Alexander Tolmer, then Commissioner of Police, put forward a plan to the South Australia Government. He suggested that an
escort of mounted troopers accompany the Police cart to the Mount Alexander gold fields in Victoria to collect parcels of gold dust and transport them to Adelaide. The proposed route was on established by Commissioner Tolmer and was then the shortest ever taken to reach the Victorian gold fields.
From Adelaide it led to Wellington, where the Murray River was crossed by ferry. It then progressed in a south-easterly direction, following closely what is now the Duke’s Highway through Coonalpyn and Keith, entering Victoria at what is now Bordertown. The route continued in an easterly direction through Horsham to the Mount Alexander diggings near Bendigo. The distance of approximately 360 miles (579 kilometres) could be covered in ten days if the weather conditions were favourable and no mishaps occurred on the way.

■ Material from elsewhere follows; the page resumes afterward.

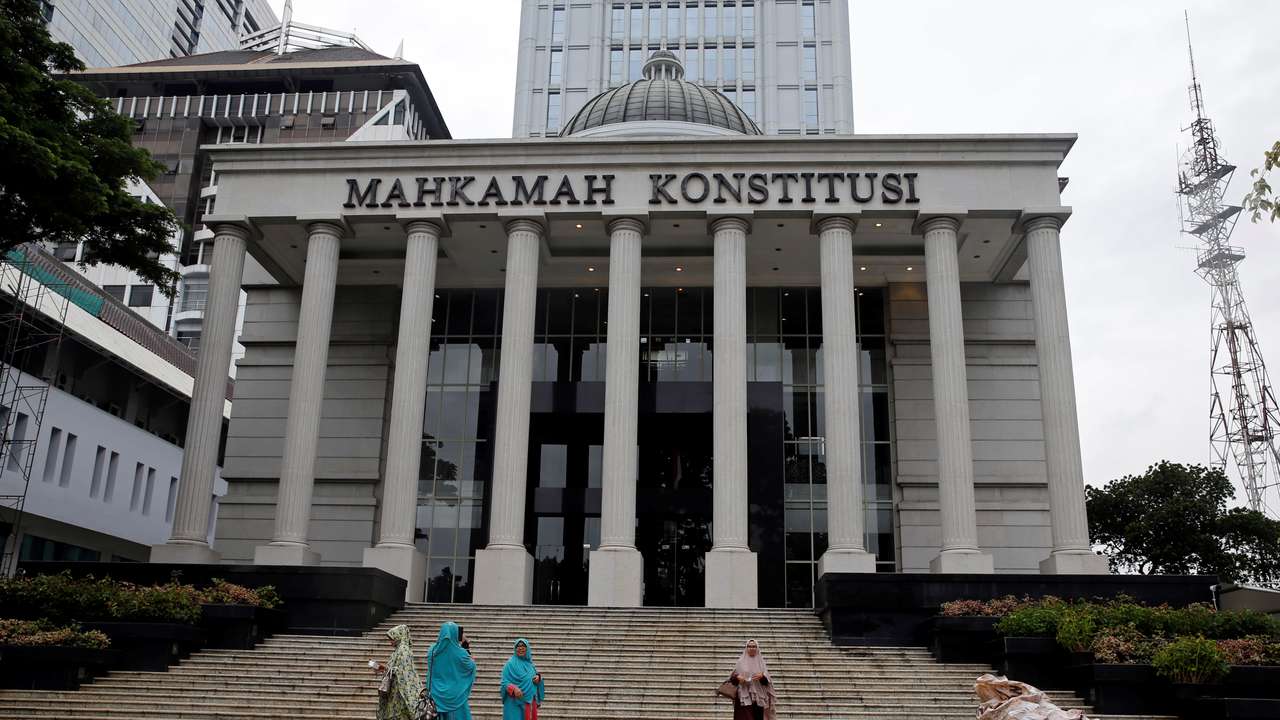 Muslim women walk in front of Indonesia's constitutional court after attending a trial in Jakarta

Mr Tolmer’s proposal was accepted and the Gold Escorts were organised. The first escort which he led personally, left Adelaide in February 1852. It returned five weeks later with over three hundred parcels of gold dust worth more than eighteen thousand pounds. Eight similar Escorts made the journey to the goldfields in 1852
In 1853 the amount of gold transported to Adelaide began to diminish. Eventually the stage was reached that the fees paid by the miners for transportation of their gold dust were insufficient to cover the cost of the venture. The last Escort left Adelaide in November 1853 and returned in December of that year.
During the two years that the scheme was in operation, eighteen Escorts transported gold dust to the value of approximately £1.2 million from the Victorian gold fields to South Australia.